RDA Remote Access#

For users without access to NCAR compute servers and storage, there are still many ways to access data in the Research Data Archive (RDA). These range from manual download of individual files, to calling remote data services for subsetting data and downloading specific regions of interest, to computer-assisted transfer of many data files.

We will go over these in detail below.

Use Case: Wind Farm Productivity Analysis#

Suppose someone wants to know the potential amount of electricity that could be generated from a wind farm near Cheyenne, Wyoming. This means knowing something about the wind speeds in the area, which could vary with the seasons. We might be interested in looking at wind speeds over a single season, or wind speeds over several consecutive years. In this notebook, we will demonstrate how to do both.

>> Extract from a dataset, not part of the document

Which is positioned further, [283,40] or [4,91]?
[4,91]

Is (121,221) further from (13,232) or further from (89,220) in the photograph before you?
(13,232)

The RDA Thredds Data Server has this dataset with surface wind observational data: ERA5 Reanalysis (0.25 Degree Latitude-Longitude Grid)

Among the available data products is a global atmospheric surface analysis in either GRIB or NetCDF format.

Note that we could download the data files directly, but this would be expensive and time-consuming because each data file contains data for the entire globe. In this example, we care only about one location in Wyoming. So instead of downloading data for the entire globe, we will use the Xarray and Dask python libraries to load and plot only the data associated with Cheyenne, Wyoming.

We will show how to access this dataset, specify which portion of the dataset we wish to extract, and plot the extracted values.

import xarray as xr
import intake
from siphon.catalog import TDSCatalog

import numpy as np
from matplotlib import pyplot as plt

import os

Here are a few helper functions for wind speed calculation and plotting:

def wind_speed(u, v, units=None):
    """Compute the wind speed from u and v-components.
       If units is 'mph', convert from "meters per second" to "miles per hour".
    """
    speed = np.hypot(u, v)
    if units == 'mph':
        speed = 2.37 * speed
    return speed
def plot_winds(u_values, v_values, time_values):
    """ Compute wind speed values and plot them on a line plot.
    """
    winds = wind_speed(u_values, v_values, units='mph')
    fig, ax = plt.subplots(1, 1, figsize=(10, 10))
    ax.plot(time_values, winds, color='r')
    ax.set_title('Hourly Average Wind Speeds for Cheyenne, Wyoming')
    ax.set_ylabel('Miles Per Hour')
    return fig

THREDDS Data Server#

The RDA THREDDS data server provides many options for downloading and subsetting data. However, it also allows each dataset to be configured differently for different use cases. This means that a particular download or subset method may work for one dataset, but not for another.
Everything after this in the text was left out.